Friday, 2 May 2008

Science publishing, workflow, PDF and Text Mining

… or, A Semantic Web for science?

It’s clear that the million or so scientific articles published each year contain lots of science. Most of that science is accessible to scientists in the relevant discipline. Some may be accessible to interested amateurs. Some may also be accessible (perhaps in a different sense) to robots that can extract science facts and data from articles, and record them in databases.

This latter activity is comparatively new, and (not surprisingly) hits some problems. Articles, like web pages, are designed for human consumption, and not for machine processing. We humans have read many like them; we know which parts are abstracts, which parts are text, which headings, which references. We can read the tables, find the intersections and think about what the data points mean. We can look at the graphs, the spectra etc, and relate them to the author’s arguments. Most of these tasks are hard for robots. But with a little bit of help and persistence, plus some added “understanding” of genre and even journal conventions, etc, robots can sometimes do a pretty good job.

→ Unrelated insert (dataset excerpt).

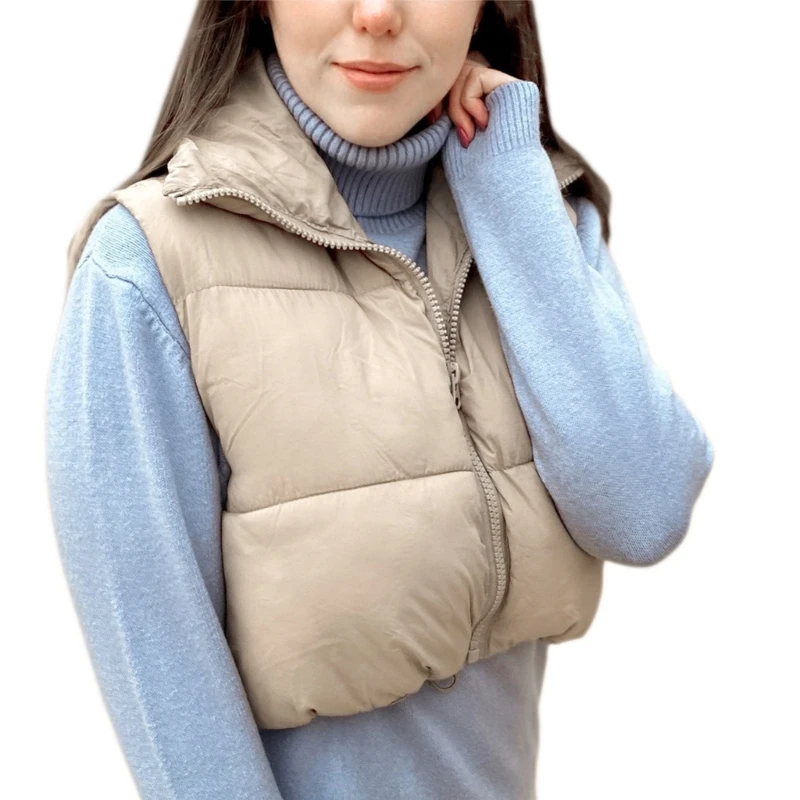 Gilet imbottito leggero da donna senza maniche, caldo, con colletto alla coreana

However, most science articles are published in PDF. And PDF does not make the robot’s task easy; in fact, PDF often makes it very hard (not necessarily to be deliberately obscure, but perhaps as side-effects of the process leading to the PDF).

Peter Murray-Rust has been leading a number of one-man campaigns (actually they all involve many more than one man, but he is often the vocal point-person). One such campaign, based on attempts to robotically mine chemical literature can be summed up as “PDF is a hamburger, and we’re trying to turn it back into a cow” (the campaign is really about finding better semantic alternatives to PDF). I've referred to his arguments in the past, and we've been having a discussion about it over the past few days (see here, its comments, and here).

I have a lot of sympathy with this viewpoint, and it’s certainly true that PDF can be a hamburger. But since scientists and publishers (OK, mostly publishers) are not yet interested in abandoning PDF, which has several advantages to counter its problems, I’m also interested in whether and if so, how PDF could be improved to be more fit for the scientific purpose.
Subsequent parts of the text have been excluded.